§ **WHAT IS NEEDED**
Everything from the line containing "Pomoc so systémom WordPress a jeho súčasťami" to the end of the data must be duplicated word for word, and nothing else may appear.

§ **PROVIDED DATA**
***
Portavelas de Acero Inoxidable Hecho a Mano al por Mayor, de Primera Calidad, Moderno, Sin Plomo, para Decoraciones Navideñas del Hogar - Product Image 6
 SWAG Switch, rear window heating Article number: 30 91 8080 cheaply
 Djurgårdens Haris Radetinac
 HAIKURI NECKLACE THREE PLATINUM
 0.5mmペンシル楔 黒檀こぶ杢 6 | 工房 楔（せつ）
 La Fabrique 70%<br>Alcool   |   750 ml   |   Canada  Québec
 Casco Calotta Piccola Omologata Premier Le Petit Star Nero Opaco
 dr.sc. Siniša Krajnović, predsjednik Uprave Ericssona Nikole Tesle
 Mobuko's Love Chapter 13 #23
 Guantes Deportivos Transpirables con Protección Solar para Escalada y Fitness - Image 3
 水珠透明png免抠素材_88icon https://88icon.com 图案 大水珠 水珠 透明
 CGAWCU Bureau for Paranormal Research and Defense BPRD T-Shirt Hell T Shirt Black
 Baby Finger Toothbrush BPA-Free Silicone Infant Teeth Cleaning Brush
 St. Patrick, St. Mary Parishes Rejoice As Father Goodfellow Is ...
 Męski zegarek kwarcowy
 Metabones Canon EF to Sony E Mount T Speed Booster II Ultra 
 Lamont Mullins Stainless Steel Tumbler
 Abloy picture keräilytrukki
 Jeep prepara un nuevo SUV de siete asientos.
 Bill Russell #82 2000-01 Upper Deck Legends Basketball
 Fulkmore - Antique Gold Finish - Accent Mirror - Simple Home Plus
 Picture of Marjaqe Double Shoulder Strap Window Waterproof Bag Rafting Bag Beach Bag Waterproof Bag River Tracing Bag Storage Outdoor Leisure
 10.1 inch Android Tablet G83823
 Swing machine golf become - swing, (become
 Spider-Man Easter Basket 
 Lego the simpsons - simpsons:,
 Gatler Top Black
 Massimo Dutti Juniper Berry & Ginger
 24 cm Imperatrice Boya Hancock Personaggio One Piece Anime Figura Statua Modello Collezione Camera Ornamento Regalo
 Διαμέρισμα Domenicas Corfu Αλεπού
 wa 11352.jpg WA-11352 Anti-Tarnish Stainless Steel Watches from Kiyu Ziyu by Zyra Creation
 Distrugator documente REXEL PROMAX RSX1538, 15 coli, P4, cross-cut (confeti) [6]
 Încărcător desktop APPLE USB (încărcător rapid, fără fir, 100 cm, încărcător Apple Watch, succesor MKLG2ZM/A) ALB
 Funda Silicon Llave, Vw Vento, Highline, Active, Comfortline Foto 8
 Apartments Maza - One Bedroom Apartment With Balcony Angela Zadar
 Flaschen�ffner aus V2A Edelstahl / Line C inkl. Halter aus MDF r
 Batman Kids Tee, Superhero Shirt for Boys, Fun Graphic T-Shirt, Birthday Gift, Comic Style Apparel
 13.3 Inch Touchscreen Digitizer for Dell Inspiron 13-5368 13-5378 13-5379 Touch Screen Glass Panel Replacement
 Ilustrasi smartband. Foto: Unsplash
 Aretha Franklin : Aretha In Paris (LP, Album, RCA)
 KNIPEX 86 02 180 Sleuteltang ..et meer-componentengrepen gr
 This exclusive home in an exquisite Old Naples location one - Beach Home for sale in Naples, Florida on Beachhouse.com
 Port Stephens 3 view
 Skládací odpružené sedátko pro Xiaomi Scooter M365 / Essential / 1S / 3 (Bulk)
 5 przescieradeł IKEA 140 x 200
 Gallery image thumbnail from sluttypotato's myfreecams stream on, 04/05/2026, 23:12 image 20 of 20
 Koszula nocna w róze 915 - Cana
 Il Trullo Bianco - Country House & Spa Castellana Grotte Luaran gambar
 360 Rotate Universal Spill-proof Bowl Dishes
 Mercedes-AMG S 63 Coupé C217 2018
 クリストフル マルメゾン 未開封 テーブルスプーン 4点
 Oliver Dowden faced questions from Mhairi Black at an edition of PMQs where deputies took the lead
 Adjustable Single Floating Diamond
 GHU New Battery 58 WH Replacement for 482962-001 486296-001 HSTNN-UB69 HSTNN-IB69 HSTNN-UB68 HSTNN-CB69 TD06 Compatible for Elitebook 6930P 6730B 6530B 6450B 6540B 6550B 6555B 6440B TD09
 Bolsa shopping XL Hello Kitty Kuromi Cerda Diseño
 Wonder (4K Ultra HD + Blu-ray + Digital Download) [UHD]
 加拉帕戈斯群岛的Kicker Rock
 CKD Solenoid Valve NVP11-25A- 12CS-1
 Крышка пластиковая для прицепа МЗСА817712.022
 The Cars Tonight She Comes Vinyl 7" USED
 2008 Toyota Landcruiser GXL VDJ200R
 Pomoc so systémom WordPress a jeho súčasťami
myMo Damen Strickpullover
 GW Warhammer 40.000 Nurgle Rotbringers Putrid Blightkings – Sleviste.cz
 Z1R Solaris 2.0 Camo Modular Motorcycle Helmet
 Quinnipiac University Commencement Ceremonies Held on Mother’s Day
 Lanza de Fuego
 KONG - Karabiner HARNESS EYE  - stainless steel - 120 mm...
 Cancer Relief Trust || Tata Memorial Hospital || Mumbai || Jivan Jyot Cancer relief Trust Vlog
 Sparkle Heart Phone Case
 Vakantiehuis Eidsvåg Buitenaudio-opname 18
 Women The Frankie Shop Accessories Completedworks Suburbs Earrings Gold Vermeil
***
§ **SOLUTION FOR THIS PROBLEM**
 Pomoc so systémom WordPress a jeho súčasťami
myMo Damen Strickpullover
 GW Warhammer 40.000 Nurgle Rotbringers Putrid Blightkings – Sleviste.cz
 Z1R Solaris 2.0 Camo Modular Motorcycle Helmet
 Quinnipiac University Commencement Ceremonies Held on Mother’s Day
 Lanza de Fuego
 KONG - Karabiner HARNESS EYE  - stainless steel - 120 mm...
 Cancer Relief Trust || Tata Memorial Hospital || Mumbai || Jivan Jyot Cancer relief Trust Vlog
 Sparkle Heart Phone Case
 Vakantiehuis Eidsvåg Buitenaudio-opname 18
 Women The Frankie Shop Accessories Completedworks Suburbs Earrings Gold Vermeil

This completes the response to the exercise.